Shiny found | Pokemon checked | out of n players | p value1 in 25 | p value1 in 50 | p value 1 in 100 | p value 1 in 150 |
20 | 850 | 1 | 0.006 | 0.808 | 1.000 | 1.000 |
11 | 821 | 1 | 0.000 | 0.105 | 0.873 | 0.990 |
9 | 1000 | 5 | 0.000 | 0.005 | 0.457 | 0.863 |
8 | 680 | 3 | 0.000 | 0.073 | 0.756 | 0.959 |
7 | 850 | 7 | 0.000 | 0.005 | 0.385 | 0.789 |
6 | 1197 | 10 | 0.000 | 0.000 | 0.046 | 0.315 |
5 | 2062 | 19 | 0.000 | 0.000 | 0.000 | 0.006 |
4 | 900 | 21 | 0.000 | 0.000 | 0.054 | 0.284 |
3 | 1100 | 26 | 0.000 | 0.000 | 0.005 | 0.065 |
2 | 992 | 56 | 0.000 | 0.000 | 0.003 | 0.039 |
1 | 800 | 79 | 0.000 | 0.000 | 0.003 | 0.030 |
0 | 750 | 108 | 0.000 | 0.000 | 0.0005 | 0.007 |
Looking at this data we can clearly rule out a drop rate of 1 in 25 and 1 in 50. The poor player who reported 5 shiny out of 2062 would have to be among the most unlucky persons who ever played. Assuming a 1 in 50 rate the chance of this happening is 1 in 997947802242 – yes – you read correctly – 1 in 997 trillion. so either this data point if wrong – or our hypothesis is wrong.
And now we look at the most lucky players. I excluded the last row – there can be a lucky player who found zero shiny.
Shiny found | Pokemon checked | out of n players | p value1 in 25 | p value1 in 50 | p value 1 in 100 | p value 1 in 150 |
20 | 850 | 1 | 0.994 | 0.192 | 0.000 | 0.000 |
11 | 824 | 1 | 1.000 | 0.897 | 0.129 | 0.011 |
9 | 182 | 5 | 0.195 | 0.004 | 0.000 | 0.000 |
8 | 240 | 3 | 0.624 | 0.054 | 0.001 | 0.000 |
7 | 150 | 7 | 0.253 | 0.011 | 0.000 | 0.000 |
6 | 200 | 10 | 0.692 | 0.109 | 0.004 | 0.000 |
5 | 140 | 19 | 0.490 | 0.063 | 0.003 | 0.000 |
4 | 130 | 21 | 0.598 | 0.121 | 0.010 | 0.002 |
3 | 39 | 26 | 0.069 | 0.008 | 0.001 | 0.000 |
2 | 32 | 56 | 0.135 | 0.026 | 0.004 | 0.001 |
1 | 7 | 79 | 0.029 | 0.008 | 0.002 | 0.001 |
These values clearly rule out any shiny rate smaller then 1 in 50. The data is less extreme – but the 20 in 850 and 9 in 182 still corresponds to a 1 in 1.9 million chance.
We now have a problem. If our data is correct, then we can have neither a high nor a low shiny rate as the lucky and unlucky players just don’t fit.
Some of you will point out that this is just false data. After all – this was survey data. Therefore some deliberately false data or bias is to be expected. And some of that surely has happened.
But just declaring the data invalid when your hypothesis doesn’t fit is lazy.
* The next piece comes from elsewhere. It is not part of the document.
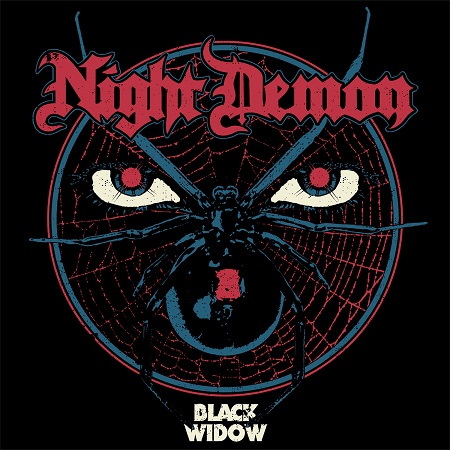 NIGHT DEMON auf Tour mit Accept – ab Jan. 2018!!!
There is another reason why I believe at least most of the data is actually correct. The SilphRoad Research team found a very similar overall drop rate. We regard the SilphRoad Research data as the gold standard and tend to trust it. This data also showed similar patterns as above. Some researchers who seemed ‘too lucky’ and some who seemed ‘too unlucky’.